Company decommissioning provisions are calculated using information about assets (age, condition, complexity), and assumptions about removal requirements and future costs. These assumptions are moderated by legislation (climate, environment, safety, taxation), regulatory settings, and oil prices, among other factors. Consequently, decommissioning is increasingly viewed as relevant to climate risk reporting.
Company provisions for decommissioning
Our company discloses group-level provisions for “restoration of operating locations” drawing upon a range of “judgemental assumptions” relating to timing, engineering, technology and “liability-specific discount rates”.
In our company’s latest Annual Report, this restoration provision was USD$2.134 billion. This is a material fraction of our company’s value, which is likely to increase substantially if the merger with BHP is approved.
Values Woodside BHP Petroleum Merged entity
Market Cap (USD bn @ 9 February 2022, assuming 52:48 valuation of BHP Petroleum) 18.3 16.9 35.3
Restoration Provision (USD bn) 2.1 3.9 5.78
The only assumptions specifically disclosed in the latest Annual Report are the discount rate (0.1-2.0%) and that 73% of the provision is not expected to be settled within 10 years.
Considering the 2021 North Sea study found decommissioning provisions were underestimated by an average of 76% (range 21-189%), greater transparency on the major assumptions informing these liabilities is a modest request from shareholders.
Current and future decommissioning works
Existing ad-hoc disclosures and regulator information provide limited insight to our company’s decommissioning portfolio.
Under the Offshore Petroleum and Greenhouse Gas Storage Act 2006, our company has been ordered to:
Nganhurra FPSO (production ceased 2018), WA: plug and abandon 18 wells and remove equipment by 2024. Failure to preserve a riser turret mooring (RTM) has resulted in an Environmental Improvement notice and limited disposal options.

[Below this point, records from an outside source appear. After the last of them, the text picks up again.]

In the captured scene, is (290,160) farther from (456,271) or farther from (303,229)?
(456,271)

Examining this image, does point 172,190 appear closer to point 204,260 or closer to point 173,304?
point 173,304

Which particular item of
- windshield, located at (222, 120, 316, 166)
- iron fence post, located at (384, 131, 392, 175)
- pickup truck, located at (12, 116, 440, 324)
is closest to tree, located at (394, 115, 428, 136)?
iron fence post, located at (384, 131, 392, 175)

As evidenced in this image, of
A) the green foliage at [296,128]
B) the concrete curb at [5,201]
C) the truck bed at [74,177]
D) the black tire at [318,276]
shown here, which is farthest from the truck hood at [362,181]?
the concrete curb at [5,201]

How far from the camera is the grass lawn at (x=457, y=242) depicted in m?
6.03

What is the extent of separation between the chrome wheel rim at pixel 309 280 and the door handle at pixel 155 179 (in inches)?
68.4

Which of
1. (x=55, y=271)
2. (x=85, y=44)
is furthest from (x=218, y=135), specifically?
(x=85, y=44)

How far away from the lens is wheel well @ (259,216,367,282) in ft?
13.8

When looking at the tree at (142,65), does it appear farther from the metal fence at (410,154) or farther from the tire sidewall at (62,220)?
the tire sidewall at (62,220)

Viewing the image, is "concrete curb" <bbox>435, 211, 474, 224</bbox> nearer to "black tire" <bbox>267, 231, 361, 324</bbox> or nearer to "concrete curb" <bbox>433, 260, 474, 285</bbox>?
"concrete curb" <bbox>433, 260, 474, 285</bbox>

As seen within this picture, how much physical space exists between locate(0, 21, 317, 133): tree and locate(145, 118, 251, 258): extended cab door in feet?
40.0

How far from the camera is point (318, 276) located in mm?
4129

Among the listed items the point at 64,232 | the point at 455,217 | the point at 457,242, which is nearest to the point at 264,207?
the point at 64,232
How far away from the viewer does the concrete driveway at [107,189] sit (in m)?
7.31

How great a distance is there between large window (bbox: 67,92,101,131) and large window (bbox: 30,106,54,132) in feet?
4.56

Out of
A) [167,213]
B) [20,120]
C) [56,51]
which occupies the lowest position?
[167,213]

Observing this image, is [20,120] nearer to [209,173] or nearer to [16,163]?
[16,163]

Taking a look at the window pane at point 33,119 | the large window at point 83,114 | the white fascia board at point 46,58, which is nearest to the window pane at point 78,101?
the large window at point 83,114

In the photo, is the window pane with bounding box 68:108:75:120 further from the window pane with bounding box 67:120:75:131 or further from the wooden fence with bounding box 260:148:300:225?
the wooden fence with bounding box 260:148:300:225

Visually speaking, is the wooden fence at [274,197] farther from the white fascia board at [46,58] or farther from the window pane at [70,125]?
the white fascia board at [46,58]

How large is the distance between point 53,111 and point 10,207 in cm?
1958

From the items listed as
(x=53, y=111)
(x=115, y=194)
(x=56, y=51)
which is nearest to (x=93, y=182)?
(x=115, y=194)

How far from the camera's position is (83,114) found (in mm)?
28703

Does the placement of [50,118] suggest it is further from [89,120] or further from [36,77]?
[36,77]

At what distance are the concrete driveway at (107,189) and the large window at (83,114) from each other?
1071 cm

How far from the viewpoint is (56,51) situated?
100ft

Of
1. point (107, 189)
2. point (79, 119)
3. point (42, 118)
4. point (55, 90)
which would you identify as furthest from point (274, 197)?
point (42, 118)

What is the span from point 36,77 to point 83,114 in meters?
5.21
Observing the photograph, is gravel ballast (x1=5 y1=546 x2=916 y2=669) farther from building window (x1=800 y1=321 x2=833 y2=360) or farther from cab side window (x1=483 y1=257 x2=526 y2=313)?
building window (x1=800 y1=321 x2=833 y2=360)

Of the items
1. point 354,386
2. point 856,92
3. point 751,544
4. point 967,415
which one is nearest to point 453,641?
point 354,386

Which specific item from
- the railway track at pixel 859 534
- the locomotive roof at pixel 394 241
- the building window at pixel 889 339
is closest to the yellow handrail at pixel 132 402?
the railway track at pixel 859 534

The decommissioning strategy now appears uncertain since a proposal to turn it into an artificial reef was withdrawn.
Stybarrow FPSO (production ceased 2015), WA: plug and abandon 17 wells and remove all subsea equipment by 2025.
Our company has also received NOPSEMA approval for its plans to decommission Balnaves, Echo Yodel and Capella in Western Australia. Plans to decommission Eaglehawk, Thebe-1, and Calthorpe-1 (WA) wellheads are still being assessed.
In addition, NOPSEMA has issued two General Directions to BHP in 2021 for the Minerva Gas Field in Victoria (for completion 2025) and the Griffin FPSO in WA (for completion 2024).
With regard to operating assets, our company does not disclose cessation of production (CoP) dates for its current assets. In the absence of CoP data, reserves and production data allow an estimate of remaining production at current rates:
Australia Oil (Two FPSOs Nguyjima-Yin and Okha): 3 years
NWS (North Rankin, Goodwyn and Angel platforms, five LNG trains): 6 years; consistent with the first LNG trains being decommissioned from 2024.
Pluto (Pluto A and Pluto LNG): 9 years, noting that Scarborough is intended to backfill the Pluto plant.
Wheatstone (Two LNG trains, and associated offshore infrastructure): 14 years
Decommissioning is an evolving, material issue that intersects with a broad range of risk areas, including financial, regulatory, safety, environmental and climate change. These escalating risks call for improvements to company disclosures.
ACCR urges shareholders to vote for this proposal.